══ Records ══

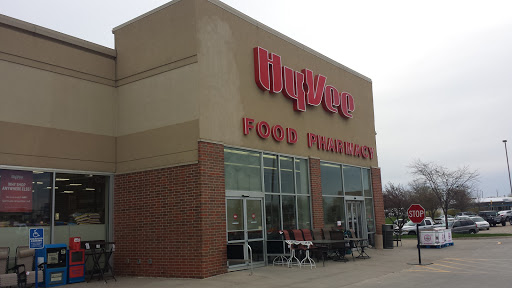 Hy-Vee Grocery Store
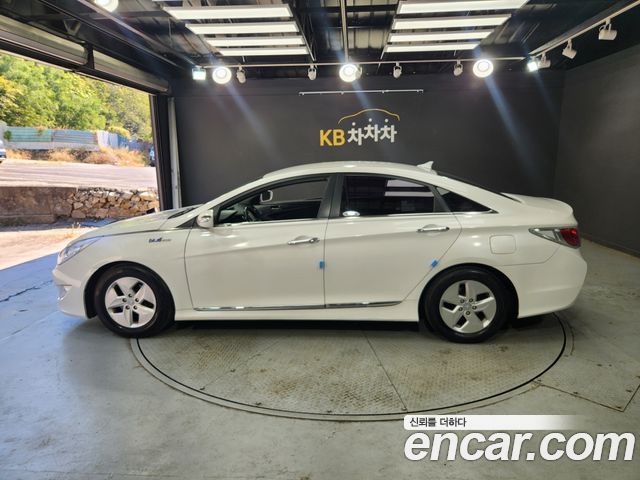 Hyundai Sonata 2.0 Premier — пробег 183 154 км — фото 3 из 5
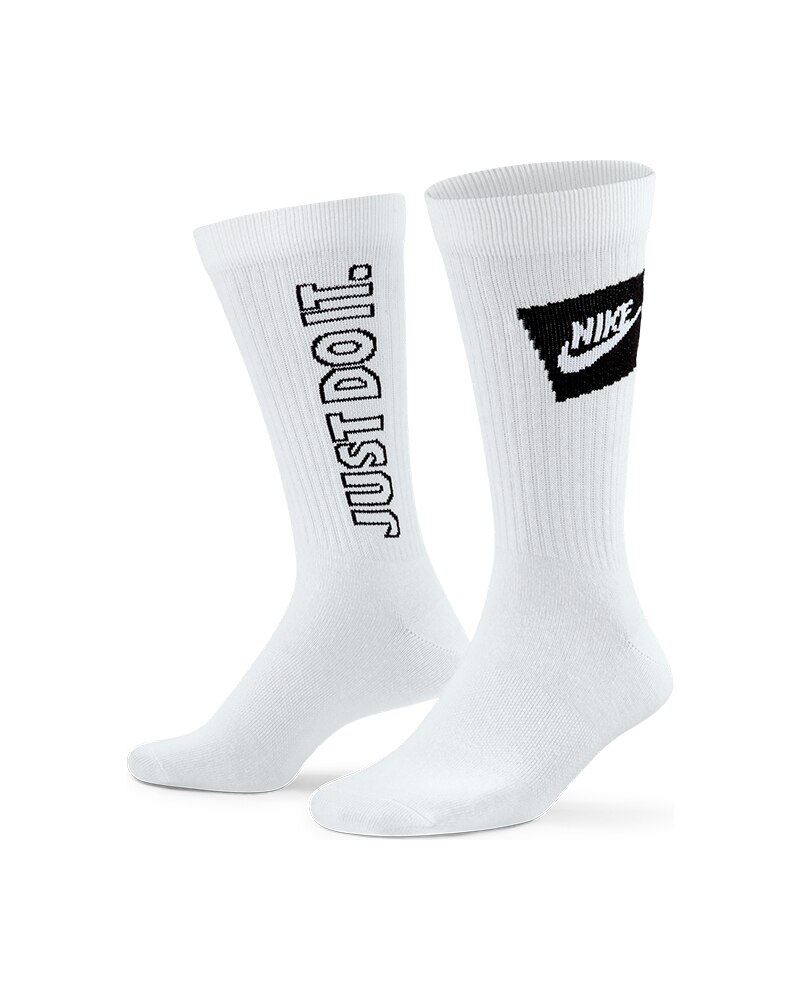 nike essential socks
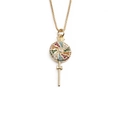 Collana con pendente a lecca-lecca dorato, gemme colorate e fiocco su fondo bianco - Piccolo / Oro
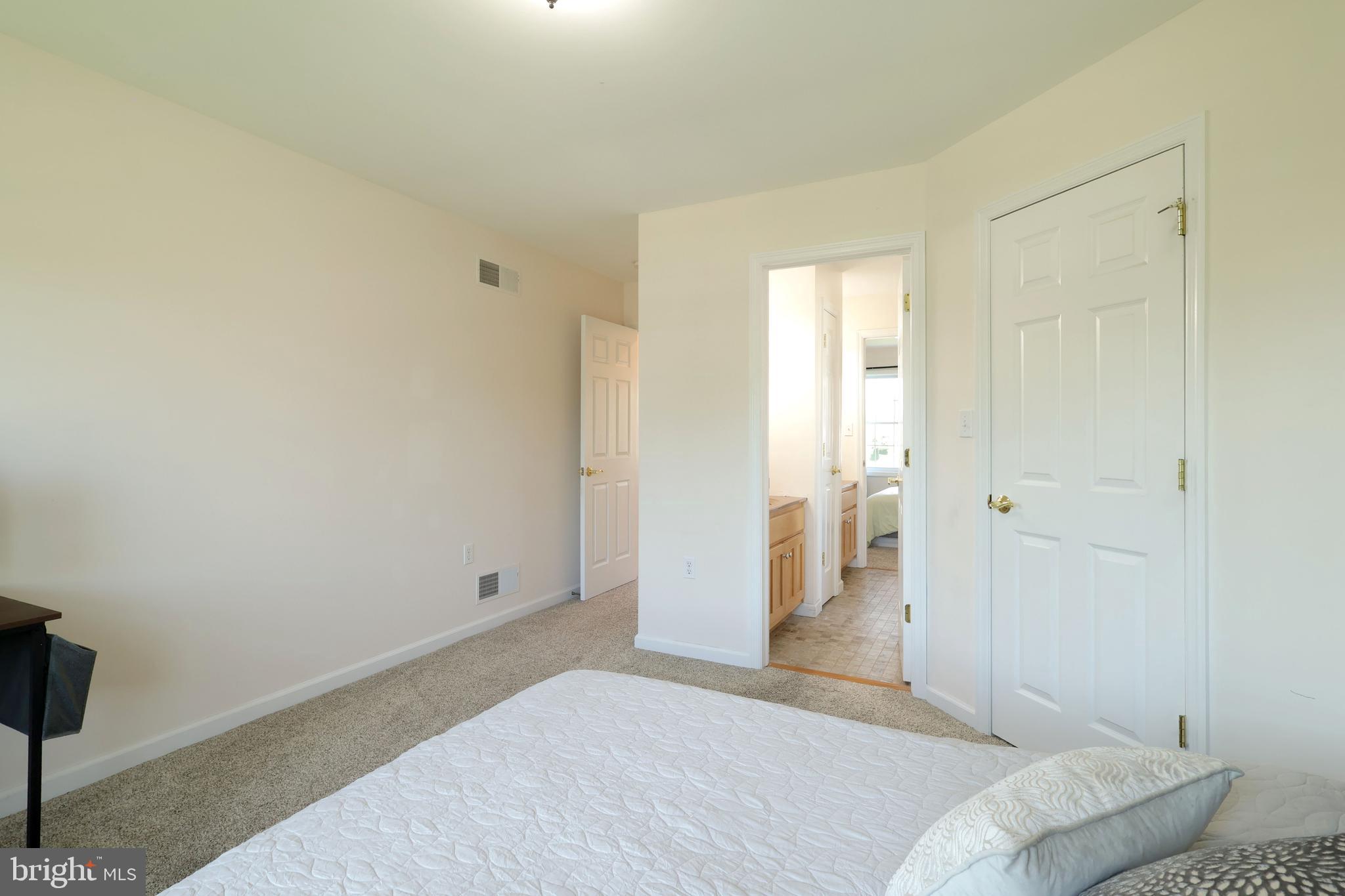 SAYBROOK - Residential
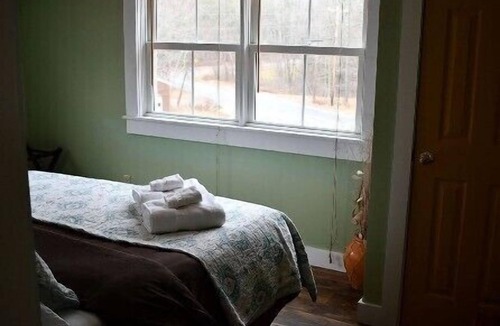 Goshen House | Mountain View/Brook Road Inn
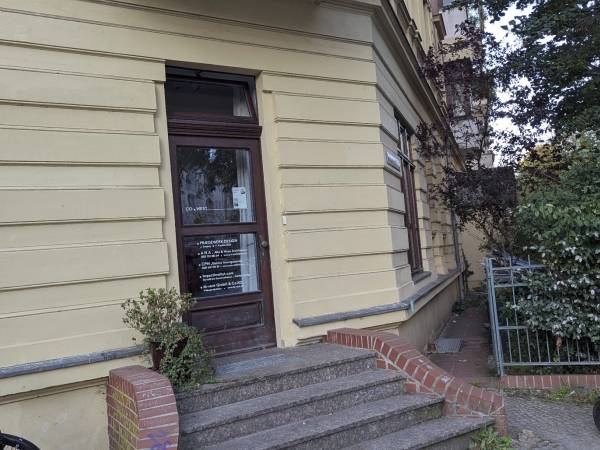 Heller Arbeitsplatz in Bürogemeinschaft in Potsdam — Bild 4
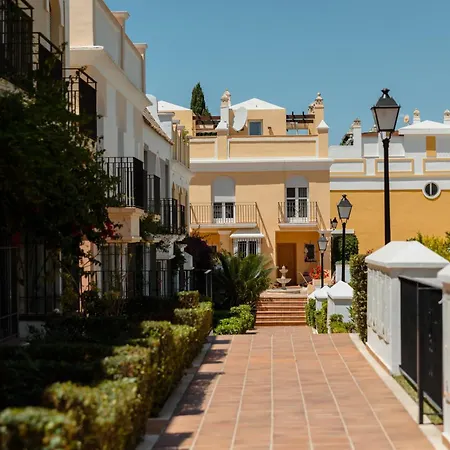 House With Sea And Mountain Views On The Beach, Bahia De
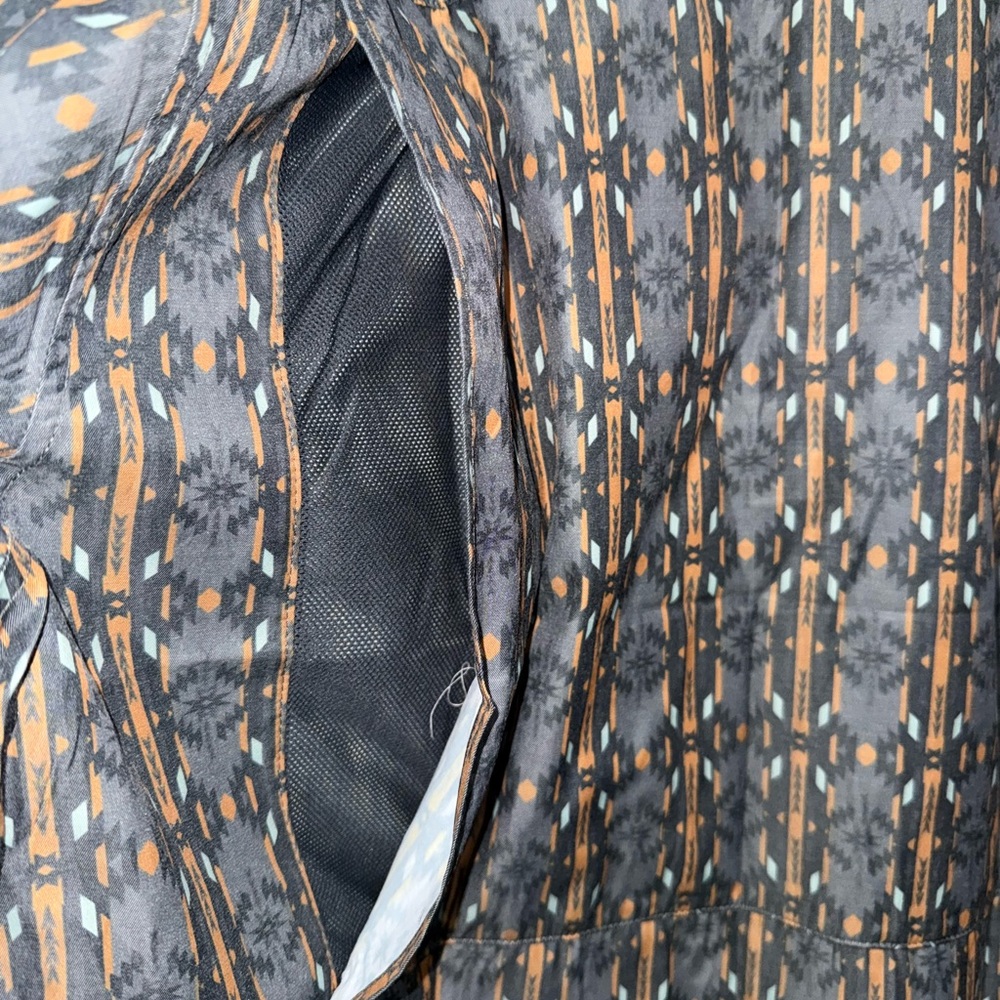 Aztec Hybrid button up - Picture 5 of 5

═══

- **Work task**
Only the lines from the one with "Goshen House | Mountain View/Brook Road Inn" through the final line of the data should be written out, exactly and including both ends. Skip the pictures.

- **Answer for this exercise**
 Goshen House | Mountain View/Brook Road Inn
 Heller Arbeitsplatz in Bürogemeinschaft in Potsdam — Bild 4
 House With Sea And Mountain Views On The Beach, Bahia De
 Aztec Hybrid button up - Picture 5 of 5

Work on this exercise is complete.